As agribusinesses find they can save money with solar, more and more of them are installing PV systems. Especially in areas with abundant sun, energy-intensive farming benefits greatly from solar savings.
Years ago, I saw a TV news story about a California winery that installed solar. Their challenge was to keep wine barrels cool in the blazing summer sun. That took a lot of power. So why did they go solar? Even at the time, at least eight years ago, they did it to save money.
And that was before the price of solar plummeted as much as it has in the last few years.
Although other agribusiness may not have taken to solar as quickly as wineries, that’s changing in California and other states. Now, getting power from the sun is becoming a trend for agribusiness, according to a story in the Visalia Times-Delta.

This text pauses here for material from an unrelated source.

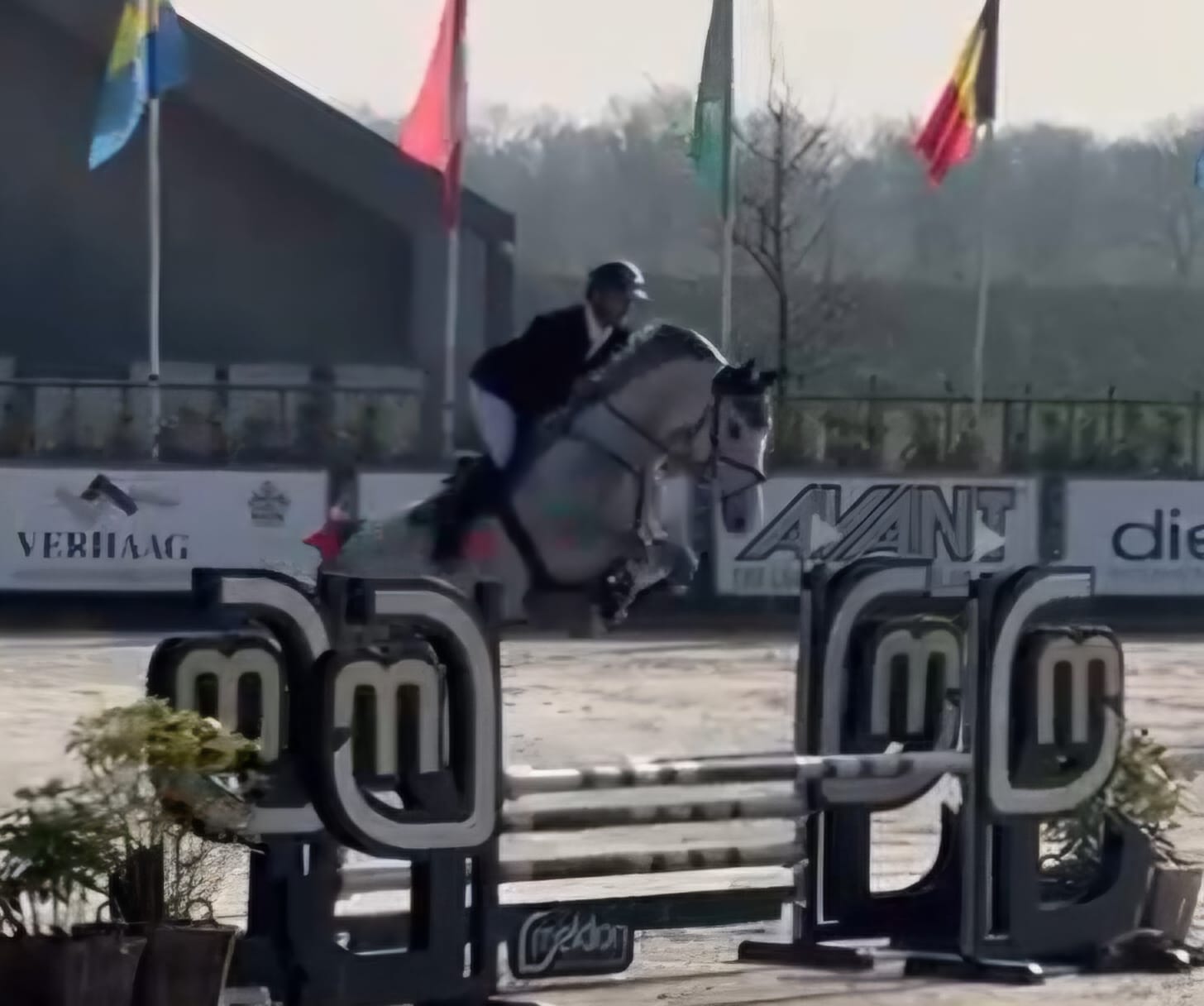 WhatsApp Image 2025-03-27 at 13.32.02(1)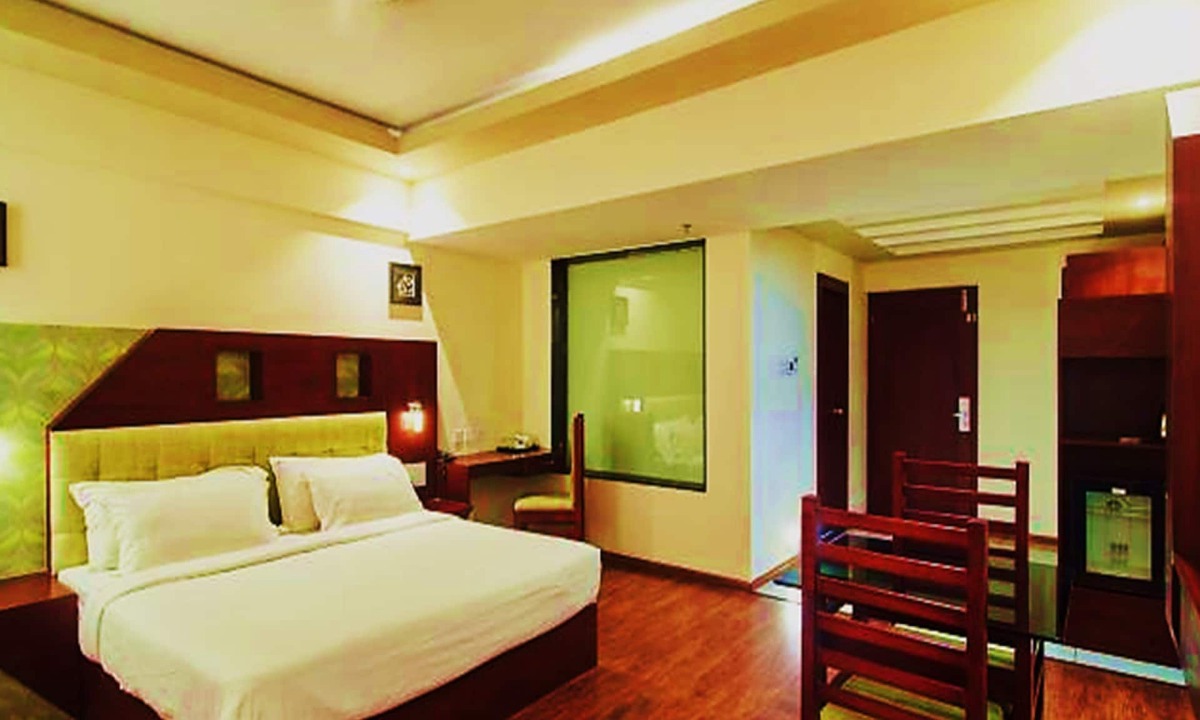 Chithirapuram Hotel | Gokulam Park Munnar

Marrisa Muller, Director of Marketing at SPG Solar, told the publication that agribusinesses are turning to solar for their power. She said they’ve been a major customer base for the company in the past six years.
Some factors that contribute to this trend:
A lot of farming is done in areas with abundant sun.
Farming is energy-intensive.
Like farming, solar may require an upfront investment in equipment and carries some risks, but pays off over time.
Farmers have a tradition of conservation, plus a vested interest in protecting their land and environment. Sustainability is a way of life on most farms.
Agriculture tends to be more of an ownership than a leasing culture, so many farmers opt to buy their system. Leases are available, too, with some businesses opting for a lease-to-own model.
The owners of Curtimade Dairy in California’s Central Valley chose to buy their system a couple years ago. Late last year, the EPA the dairy received the Environmental Champion award for their 719 kW installation. It’s among the biggest dairy solar installations in the U.S. and produces enough electricity to power 130 average American homes per year. The system saves the dairy about $18,000 per month in energy costs.
In the same county, Sundale Vineyards, a premium grower of a table grapes, recently announced the ground-breaking of a 1.13MW solar PV system that will supply power to their cold storage facility. Payback on the investment is expected to be quick, at about four years. Over the next 25 years, Sundale’s solar generation will save the facility an estimated $5.7 million in electricity costs.
More agribusinesses are following suit, as word spreads about the savings possible with solar. Energy independence is also a factor.